━━ Dataset records ━━

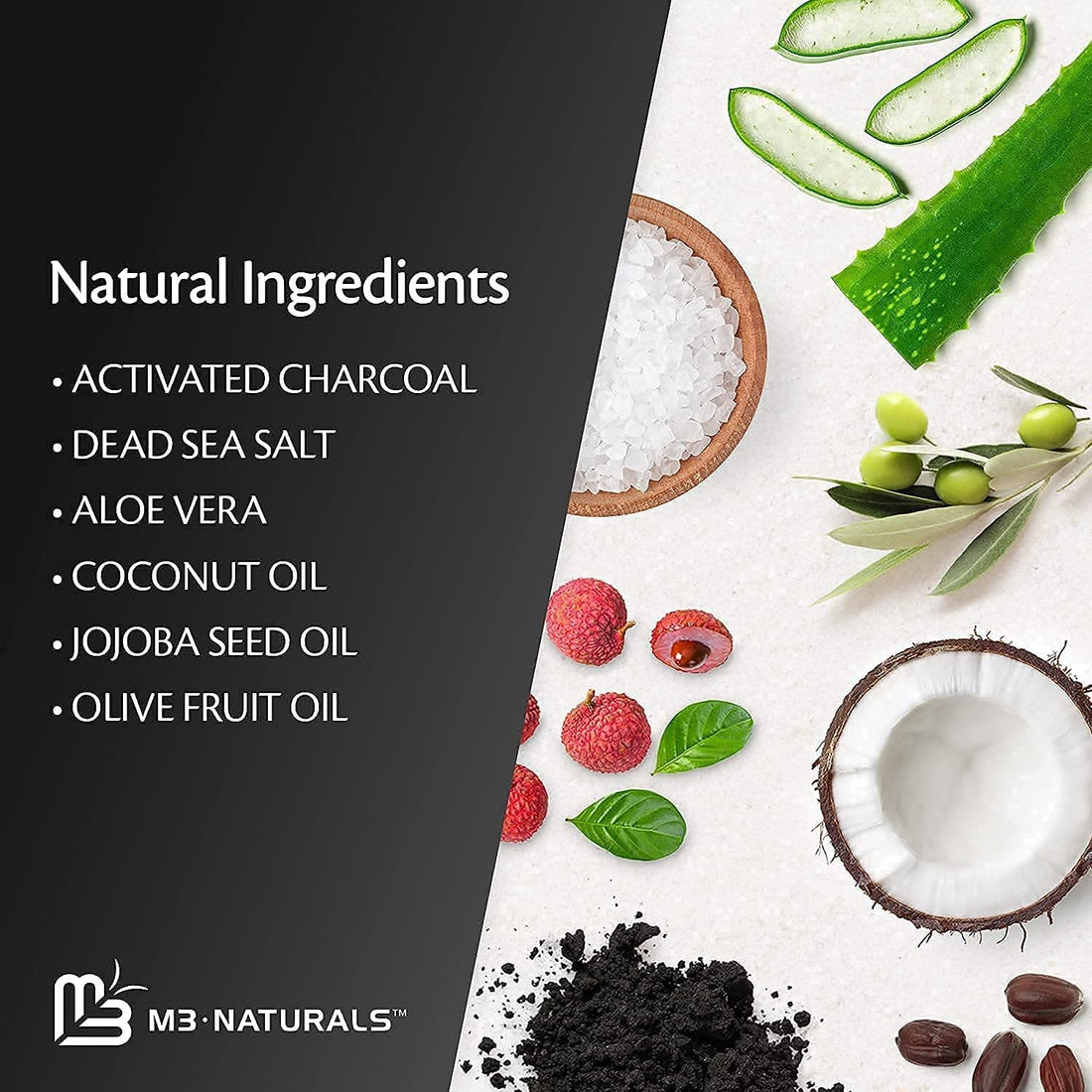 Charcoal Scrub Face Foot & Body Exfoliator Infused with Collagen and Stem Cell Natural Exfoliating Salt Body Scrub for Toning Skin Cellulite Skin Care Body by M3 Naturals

━━━
━━ Dataset records ━━

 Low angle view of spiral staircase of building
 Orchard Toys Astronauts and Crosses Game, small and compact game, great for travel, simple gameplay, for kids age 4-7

━━━
━━ Dataset records ━━

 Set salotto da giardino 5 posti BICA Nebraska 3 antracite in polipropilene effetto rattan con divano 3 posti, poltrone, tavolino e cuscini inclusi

━━━

§ **Task**
Could you return exactly the lines above from the line with "Low angle view" to the line with "Orchard Toys Astronauts", both included, and nothing else?

§ **Exercise answer**
 Low angle view of spiral staircase of building
 Orchard Toys Astronauts and Crosses Game, small and compact game, great for travel, simple gameplay, for kids age 4-7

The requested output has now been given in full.